Full-term Asian Indian and white European infants in this study were participants in independent research projects in Pune, India and Imperial College London, respectively. The former is an observational study of nutrition in pregnancy and fetal growth in women attending the antenatal clinic of the King Edward Memorial Hospital. The London group have an ongoing program of research investigating the determinants of newborn body composition that includes the assessment of a broad range of infants by gestational age and clinical characteristics, recruited from the postnatal wards of teaching hospitals of Imperial College London. Assessment of whole body adipose tissue content has been obtained in over a hundred term and preterm infants from a range of ethnic groups. The Pune Maternal Nutrition Study is a large population based study from which only the infants reported here have undergone whole body adipose tissue imaging. The selection of infants for this comparison required the whole body MRI investigation to have been performed within 2 weeks of birth, that they were healthy full term infants delivered after uncomplicated pregnancies and that both parents were Asian Indian in the Pune group or white European in the London group.

We considered this an exploratory comparison and no a priori sample size calculations were performed. Written, informed parent consent was obtained in both institutions. MRI was conducted in natural sleep as previously described (6).

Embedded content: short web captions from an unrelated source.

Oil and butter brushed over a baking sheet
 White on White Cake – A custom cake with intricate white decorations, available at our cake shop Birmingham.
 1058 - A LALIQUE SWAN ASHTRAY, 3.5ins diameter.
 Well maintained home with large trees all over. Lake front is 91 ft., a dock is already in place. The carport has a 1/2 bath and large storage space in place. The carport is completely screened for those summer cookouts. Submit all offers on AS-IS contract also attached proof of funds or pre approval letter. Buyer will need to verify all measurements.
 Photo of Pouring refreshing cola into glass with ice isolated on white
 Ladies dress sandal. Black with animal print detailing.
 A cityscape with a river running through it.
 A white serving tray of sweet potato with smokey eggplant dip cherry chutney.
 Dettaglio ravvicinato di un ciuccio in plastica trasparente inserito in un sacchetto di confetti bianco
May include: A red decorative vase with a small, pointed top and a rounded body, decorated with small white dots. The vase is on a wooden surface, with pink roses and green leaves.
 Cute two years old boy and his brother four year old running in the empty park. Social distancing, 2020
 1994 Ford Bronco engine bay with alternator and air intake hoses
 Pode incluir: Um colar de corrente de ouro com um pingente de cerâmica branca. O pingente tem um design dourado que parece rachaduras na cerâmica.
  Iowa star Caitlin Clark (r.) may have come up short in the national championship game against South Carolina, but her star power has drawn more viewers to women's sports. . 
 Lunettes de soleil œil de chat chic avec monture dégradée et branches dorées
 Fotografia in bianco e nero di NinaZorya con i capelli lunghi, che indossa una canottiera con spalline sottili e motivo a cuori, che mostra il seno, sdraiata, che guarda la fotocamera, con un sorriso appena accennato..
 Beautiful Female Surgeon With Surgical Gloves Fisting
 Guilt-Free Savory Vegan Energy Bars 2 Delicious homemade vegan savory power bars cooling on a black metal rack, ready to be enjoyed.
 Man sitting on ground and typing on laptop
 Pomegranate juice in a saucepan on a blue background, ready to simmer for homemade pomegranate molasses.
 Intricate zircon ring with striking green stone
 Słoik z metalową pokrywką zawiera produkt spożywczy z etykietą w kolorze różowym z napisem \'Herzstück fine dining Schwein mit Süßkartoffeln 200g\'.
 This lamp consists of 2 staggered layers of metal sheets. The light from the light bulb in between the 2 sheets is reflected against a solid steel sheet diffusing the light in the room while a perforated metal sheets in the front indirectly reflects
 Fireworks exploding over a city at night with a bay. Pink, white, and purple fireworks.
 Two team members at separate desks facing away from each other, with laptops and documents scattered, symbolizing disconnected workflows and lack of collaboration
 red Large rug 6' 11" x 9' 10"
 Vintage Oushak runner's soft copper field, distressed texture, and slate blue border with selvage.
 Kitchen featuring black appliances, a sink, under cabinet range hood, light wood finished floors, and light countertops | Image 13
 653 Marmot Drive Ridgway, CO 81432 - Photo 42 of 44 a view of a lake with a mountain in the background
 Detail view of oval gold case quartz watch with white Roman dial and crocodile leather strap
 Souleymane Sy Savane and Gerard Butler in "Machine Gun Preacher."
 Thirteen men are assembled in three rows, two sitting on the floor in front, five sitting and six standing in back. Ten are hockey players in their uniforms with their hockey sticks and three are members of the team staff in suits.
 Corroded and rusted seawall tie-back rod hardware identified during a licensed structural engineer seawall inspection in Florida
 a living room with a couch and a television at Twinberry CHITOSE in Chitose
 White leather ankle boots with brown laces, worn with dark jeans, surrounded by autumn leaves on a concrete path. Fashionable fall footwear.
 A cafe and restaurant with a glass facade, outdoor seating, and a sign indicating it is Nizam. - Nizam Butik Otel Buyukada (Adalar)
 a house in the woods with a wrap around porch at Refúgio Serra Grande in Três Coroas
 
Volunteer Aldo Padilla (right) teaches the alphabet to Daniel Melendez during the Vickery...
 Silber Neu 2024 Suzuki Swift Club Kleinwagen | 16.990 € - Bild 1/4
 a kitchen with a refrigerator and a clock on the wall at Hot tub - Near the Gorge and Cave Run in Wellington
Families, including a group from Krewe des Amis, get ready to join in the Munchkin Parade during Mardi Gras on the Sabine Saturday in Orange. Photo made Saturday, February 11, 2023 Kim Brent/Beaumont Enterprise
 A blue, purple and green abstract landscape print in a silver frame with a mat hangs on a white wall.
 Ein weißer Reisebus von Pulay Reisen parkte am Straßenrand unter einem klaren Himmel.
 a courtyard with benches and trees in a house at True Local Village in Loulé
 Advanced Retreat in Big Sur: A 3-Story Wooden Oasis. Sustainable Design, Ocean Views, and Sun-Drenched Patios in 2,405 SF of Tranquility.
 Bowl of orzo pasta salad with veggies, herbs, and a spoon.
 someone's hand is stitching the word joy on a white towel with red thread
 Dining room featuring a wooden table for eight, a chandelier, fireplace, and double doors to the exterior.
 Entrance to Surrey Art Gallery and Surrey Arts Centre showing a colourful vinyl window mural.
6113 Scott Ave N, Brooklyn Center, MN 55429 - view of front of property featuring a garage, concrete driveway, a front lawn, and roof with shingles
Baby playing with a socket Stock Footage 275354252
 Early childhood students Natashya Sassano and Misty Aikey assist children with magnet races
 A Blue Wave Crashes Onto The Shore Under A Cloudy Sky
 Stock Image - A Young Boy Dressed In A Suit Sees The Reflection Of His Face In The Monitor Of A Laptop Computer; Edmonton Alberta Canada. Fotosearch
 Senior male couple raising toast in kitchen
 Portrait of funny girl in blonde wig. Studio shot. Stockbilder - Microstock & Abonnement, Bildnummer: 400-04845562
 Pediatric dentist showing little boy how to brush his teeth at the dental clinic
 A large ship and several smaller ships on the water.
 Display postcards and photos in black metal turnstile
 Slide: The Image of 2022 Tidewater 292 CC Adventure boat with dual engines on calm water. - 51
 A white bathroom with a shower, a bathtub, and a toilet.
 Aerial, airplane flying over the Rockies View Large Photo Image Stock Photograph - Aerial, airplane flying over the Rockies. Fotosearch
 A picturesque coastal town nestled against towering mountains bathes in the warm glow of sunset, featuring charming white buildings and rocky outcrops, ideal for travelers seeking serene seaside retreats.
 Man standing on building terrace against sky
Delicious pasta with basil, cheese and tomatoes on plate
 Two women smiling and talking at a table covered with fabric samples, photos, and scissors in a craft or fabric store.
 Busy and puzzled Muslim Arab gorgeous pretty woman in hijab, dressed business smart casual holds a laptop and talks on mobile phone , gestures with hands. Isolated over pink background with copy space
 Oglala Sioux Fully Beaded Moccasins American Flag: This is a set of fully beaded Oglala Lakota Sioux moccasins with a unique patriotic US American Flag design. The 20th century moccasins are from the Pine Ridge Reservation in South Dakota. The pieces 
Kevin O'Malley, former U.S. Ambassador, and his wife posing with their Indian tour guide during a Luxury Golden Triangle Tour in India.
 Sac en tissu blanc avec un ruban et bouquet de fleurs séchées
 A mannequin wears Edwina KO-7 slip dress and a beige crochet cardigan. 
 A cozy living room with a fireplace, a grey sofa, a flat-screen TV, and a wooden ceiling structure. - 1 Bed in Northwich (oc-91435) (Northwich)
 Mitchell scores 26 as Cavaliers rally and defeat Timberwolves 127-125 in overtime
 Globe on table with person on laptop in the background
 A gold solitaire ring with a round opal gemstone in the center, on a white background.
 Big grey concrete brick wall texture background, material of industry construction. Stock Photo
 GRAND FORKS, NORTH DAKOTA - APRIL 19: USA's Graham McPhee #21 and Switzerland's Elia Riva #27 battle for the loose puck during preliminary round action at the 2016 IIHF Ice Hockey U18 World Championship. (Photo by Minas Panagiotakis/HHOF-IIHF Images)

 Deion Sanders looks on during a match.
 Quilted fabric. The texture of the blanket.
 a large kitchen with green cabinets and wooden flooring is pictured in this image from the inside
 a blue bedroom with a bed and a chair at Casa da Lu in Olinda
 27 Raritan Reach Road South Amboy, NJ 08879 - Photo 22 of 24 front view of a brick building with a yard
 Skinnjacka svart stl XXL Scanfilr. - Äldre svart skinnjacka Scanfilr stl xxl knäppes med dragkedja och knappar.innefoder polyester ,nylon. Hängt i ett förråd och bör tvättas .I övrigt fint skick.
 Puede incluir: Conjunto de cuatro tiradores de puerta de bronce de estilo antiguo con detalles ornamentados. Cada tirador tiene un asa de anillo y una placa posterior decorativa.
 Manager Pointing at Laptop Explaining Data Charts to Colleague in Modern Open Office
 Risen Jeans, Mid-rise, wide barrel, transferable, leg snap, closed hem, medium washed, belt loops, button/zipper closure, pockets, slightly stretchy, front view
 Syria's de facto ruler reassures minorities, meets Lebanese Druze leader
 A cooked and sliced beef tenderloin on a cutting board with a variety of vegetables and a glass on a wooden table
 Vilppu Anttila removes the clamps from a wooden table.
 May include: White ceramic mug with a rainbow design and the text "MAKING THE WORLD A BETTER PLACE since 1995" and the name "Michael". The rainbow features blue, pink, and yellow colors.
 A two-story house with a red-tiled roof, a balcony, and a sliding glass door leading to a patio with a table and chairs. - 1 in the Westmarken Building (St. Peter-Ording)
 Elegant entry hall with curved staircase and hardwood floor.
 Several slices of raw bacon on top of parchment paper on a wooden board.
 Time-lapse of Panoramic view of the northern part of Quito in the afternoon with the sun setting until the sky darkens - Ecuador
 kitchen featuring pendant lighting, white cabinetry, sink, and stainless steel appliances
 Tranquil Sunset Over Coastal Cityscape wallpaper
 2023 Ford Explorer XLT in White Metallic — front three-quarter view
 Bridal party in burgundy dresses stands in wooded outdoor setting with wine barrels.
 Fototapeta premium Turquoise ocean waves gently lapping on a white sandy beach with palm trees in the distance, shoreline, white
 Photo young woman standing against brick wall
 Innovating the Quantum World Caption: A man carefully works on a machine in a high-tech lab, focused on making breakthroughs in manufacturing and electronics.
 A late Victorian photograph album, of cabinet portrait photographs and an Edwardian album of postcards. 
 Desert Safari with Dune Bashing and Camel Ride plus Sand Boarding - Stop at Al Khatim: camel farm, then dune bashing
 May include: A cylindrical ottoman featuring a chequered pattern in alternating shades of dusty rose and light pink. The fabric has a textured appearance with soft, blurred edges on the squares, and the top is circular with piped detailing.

All MR images from UK and India were analyzed independently of the investigators by two analysts from Vardis-Group (www.vardisgroup.com) utilizing an image segmentation program as previously described (6). The coefficient of variation for these measurements was <3%. Image analysis was conducted blinded to the subject groups and in random order. Each of six AT compartments (Fig. 1) was quantified individually and then summated to derive total AT content. Abdominal adipose tissue was that contained in image slices from the sacrum to the top of the liver. The deep s.c. compartment is clearly separated from superficial s.c. AT by a fascial plane (7) (Fig. 2). The AT measurements are shown as absolute volumes (liters) (Table 1) and as Z scores expressed relative to the white European group [Z score Indian = (Individual Asian Indian value − white European mean)/white European SD] (Fig. 3). Data were analyzed using SPPS version 14.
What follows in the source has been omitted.